4. Files Descriptions
---------------------------------

The following files can be found in the root folder upon unzipping:
- FourBeers_PositiveMode_MolecularNetworking.cys is the Molecular Networking output for the beer samples in positive ionization mode.
- FourBeers_NegativeMode_MolecularNetworking.cys is the Molecular Networking output for the beer samples in negative ionization mode.
- GNPS_Mass2Motif_validations.csv is the validation result for the GNPS spectra.
-
MassBank_Mass2Motif_validations.csv is the validation result for the MassBank spectra.

The following files/folders can be found in the **analysis** folder:

- 4 Jupyter notebook (with the .ipynb extension), alongside a single python file (peak_match.py) to illustrate the various the analysis tasks listed in section (3).
- **input_files** contains the input count matrices for LDA, alongside other peaklists for standard matching and expression information.
- **projects** contains the saved MS2LDA analysis used to generate results in the manuscript
- **yml** contains the .yml files used for the feature extraction stage of the different Beer input files in the manuscript.

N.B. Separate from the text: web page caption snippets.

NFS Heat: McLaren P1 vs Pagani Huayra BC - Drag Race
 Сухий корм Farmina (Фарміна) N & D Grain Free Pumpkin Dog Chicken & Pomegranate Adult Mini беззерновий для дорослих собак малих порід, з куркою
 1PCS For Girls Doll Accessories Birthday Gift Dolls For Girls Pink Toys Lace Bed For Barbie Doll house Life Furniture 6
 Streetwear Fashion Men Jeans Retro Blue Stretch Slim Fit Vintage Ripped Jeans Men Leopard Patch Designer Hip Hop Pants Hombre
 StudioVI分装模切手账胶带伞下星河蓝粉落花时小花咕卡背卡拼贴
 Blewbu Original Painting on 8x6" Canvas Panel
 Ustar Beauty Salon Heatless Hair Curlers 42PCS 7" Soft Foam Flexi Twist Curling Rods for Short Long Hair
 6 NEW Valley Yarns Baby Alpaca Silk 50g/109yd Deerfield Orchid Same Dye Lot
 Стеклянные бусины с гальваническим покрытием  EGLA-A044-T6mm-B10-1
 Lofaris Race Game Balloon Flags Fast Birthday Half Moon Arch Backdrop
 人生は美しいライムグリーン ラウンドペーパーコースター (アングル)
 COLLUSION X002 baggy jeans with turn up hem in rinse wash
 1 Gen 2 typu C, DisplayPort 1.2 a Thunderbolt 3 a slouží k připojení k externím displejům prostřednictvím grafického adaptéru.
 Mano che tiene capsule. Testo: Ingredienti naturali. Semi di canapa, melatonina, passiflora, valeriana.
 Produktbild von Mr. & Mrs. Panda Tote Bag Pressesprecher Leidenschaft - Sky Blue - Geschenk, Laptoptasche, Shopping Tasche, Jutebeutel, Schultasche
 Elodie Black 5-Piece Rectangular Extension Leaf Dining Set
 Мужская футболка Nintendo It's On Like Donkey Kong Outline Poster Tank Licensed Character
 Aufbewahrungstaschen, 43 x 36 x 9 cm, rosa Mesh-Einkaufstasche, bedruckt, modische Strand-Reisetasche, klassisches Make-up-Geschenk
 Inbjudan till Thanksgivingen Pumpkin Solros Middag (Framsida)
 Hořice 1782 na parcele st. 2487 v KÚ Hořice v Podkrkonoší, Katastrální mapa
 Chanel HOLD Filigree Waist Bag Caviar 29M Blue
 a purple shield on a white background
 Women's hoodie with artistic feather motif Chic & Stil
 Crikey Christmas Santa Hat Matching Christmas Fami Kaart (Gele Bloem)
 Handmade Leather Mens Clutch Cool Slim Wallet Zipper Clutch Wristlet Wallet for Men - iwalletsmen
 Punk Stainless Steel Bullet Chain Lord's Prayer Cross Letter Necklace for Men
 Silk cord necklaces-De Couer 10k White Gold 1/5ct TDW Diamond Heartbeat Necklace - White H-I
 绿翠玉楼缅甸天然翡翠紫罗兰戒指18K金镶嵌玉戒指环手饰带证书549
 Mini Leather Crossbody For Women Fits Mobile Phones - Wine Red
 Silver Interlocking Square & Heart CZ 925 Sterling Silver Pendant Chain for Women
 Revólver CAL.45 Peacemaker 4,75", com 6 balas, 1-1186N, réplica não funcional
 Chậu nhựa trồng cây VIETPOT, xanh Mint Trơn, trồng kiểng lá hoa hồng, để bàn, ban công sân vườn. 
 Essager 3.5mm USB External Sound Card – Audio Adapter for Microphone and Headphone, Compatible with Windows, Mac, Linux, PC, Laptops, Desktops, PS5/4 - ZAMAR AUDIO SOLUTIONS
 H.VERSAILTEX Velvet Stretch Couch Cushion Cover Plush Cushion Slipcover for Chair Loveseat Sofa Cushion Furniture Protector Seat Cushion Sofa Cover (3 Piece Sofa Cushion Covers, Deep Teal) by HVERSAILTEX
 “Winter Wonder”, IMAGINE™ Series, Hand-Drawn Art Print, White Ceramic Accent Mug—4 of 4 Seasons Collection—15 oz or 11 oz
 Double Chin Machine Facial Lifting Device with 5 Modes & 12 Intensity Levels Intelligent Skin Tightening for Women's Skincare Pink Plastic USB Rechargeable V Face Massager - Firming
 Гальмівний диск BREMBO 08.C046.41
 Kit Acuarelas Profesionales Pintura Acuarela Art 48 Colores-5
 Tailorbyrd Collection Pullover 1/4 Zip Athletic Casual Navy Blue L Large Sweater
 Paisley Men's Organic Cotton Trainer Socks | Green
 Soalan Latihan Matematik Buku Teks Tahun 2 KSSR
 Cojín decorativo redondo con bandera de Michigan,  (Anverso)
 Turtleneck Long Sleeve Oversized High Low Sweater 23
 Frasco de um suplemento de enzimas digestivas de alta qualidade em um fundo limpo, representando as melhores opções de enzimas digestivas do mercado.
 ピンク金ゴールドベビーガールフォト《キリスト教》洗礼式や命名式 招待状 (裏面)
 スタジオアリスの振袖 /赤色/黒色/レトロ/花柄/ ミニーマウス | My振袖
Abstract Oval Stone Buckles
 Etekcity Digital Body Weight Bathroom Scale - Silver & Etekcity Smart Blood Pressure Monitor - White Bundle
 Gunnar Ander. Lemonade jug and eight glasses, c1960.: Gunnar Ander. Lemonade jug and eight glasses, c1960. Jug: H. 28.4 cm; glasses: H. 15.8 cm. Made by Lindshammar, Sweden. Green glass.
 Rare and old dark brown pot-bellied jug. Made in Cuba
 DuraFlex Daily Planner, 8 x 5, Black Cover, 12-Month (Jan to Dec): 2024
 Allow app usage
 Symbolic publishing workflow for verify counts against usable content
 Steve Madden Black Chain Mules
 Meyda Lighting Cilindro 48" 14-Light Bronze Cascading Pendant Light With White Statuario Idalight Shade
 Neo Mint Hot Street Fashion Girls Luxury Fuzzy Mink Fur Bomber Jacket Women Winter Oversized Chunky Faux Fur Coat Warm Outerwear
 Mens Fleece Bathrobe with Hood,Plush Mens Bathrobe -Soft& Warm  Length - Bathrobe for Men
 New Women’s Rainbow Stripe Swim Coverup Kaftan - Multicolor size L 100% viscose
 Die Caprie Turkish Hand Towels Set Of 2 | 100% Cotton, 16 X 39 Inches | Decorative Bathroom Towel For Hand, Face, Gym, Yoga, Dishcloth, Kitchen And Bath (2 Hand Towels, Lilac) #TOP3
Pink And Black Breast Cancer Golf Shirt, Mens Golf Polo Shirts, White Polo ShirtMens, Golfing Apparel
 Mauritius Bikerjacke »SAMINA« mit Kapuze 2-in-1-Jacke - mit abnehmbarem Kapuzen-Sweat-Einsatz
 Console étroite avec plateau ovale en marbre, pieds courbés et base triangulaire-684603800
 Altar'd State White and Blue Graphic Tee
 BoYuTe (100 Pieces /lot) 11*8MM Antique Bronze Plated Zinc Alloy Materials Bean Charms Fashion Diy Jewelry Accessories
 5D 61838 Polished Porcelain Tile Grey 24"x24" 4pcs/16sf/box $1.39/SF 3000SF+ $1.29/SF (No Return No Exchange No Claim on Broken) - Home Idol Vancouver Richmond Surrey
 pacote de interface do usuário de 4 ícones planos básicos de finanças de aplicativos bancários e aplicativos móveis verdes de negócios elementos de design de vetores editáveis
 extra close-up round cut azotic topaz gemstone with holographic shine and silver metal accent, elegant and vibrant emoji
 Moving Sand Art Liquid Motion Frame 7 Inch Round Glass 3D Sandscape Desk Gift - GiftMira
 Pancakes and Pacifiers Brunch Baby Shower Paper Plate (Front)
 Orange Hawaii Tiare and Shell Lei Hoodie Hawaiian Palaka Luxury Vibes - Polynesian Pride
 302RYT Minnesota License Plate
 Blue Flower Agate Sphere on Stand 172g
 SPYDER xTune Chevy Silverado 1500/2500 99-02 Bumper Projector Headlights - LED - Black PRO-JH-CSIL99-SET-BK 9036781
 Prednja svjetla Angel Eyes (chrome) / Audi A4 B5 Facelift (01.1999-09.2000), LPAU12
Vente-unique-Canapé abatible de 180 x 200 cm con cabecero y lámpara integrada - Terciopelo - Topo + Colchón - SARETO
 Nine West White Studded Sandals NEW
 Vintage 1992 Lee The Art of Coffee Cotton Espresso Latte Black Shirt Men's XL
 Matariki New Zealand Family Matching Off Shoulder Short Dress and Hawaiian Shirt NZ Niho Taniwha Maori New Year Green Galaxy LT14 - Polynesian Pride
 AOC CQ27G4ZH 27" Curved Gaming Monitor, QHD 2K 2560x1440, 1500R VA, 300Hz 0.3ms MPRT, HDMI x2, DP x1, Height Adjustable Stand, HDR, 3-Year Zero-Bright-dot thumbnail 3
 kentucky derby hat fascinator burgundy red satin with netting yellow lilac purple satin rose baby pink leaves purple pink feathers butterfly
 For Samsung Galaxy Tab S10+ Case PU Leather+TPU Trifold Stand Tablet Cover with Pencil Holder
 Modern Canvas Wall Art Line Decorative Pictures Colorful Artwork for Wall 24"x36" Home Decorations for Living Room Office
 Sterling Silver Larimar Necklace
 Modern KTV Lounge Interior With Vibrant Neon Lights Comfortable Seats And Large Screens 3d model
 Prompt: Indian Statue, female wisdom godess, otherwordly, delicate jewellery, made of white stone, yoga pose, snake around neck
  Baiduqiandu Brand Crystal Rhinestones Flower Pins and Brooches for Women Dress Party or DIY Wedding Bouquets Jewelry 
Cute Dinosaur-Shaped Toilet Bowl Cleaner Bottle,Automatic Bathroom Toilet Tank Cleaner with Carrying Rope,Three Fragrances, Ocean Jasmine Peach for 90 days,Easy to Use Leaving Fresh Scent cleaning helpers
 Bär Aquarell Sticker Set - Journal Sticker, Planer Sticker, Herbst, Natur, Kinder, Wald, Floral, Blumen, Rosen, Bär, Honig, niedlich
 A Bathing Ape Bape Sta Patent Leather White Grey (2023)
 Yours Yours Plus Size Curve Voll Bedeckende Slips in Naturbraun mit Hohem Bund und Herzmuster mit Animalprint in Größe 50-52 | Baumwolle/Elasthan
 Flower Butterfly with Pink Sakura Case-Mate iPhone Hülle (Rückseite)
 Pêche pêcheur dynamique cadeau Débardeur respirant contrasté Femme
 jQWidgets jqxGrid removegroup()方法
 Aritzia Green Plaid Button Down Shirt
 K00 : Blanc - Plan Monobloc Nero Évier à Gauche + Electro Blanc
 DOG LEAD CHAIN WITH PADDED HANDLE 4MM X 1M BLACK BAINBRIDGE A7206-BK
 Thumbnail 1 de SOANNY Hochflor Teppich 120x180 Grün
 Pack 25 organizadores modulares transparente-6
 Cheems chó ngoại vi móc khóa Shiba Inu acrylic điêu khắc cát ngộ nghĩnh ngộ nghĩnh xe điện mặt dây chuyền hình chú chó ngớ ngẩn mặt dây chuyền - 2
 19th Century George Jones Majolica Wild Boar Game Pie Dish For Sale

The following files/folders can be found in the **FourBeers_Data_mzxml** folder:

- Three standard compounds information generated during data acquisition (in Std*.csv)
- mzXML or mzML files for the MS1 and MS2 fragmentation data
    - full_scan_files contains the full scan MS1 data of the four beers in 3 replicates (e.g. Beer_1_full1_pos.mzXML), the pooled Beer QC sample (e.g. Beer_PoolB_full_e_pos.mzXML) and the blanks (e.g. blank3_pos.mzXML)
    - fragmentation_files contains files in mzXML and mzML formats. For e.g. Beer_1_T10_POS.mzML is the top 10 (T10) data dependent analysis mass fragmentation experiment in Positive (POS) or Negative (NEG) Ionization Separate Fragmentation modes. For e.g. Beer_1_T10_posnegPOS.mzML is the top 10 (T10) or Top 5 (Top5) data dependent analysis mass fragmentation experiment in Positive (POS) or Negative (NEG) Ionization Combined Fragmentation modes.